BEGIN

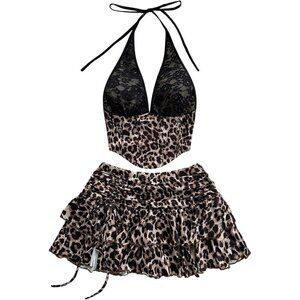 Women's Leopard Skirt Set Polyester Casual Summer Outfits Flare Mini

END
BEGIN

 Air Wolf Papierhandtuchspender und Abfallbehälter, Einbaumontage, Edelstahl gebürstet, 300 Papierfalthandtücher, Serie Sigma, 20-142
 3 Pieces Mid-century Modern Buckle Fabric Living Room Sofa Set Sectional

END

TASK OBJECTIVE:
Everything from the line with "Air Wolf Papierhandtuchspender" through the line with "3 Pieces Mid-century" should be written out exactly as it appears above, end lines included, and nothing outside that range.

ANSWER TO THE EXERCISE:
 Air Wolf Papierhandtuchspender und Abfallbehälter, Einbaumontage, Edelstahl gebürstet, 300 Papierfalthandtücher, Serie Sigma, 20-142
 3 Pieces Mid-century Modern Buckle Fabric Living Room Sofa Set Sectional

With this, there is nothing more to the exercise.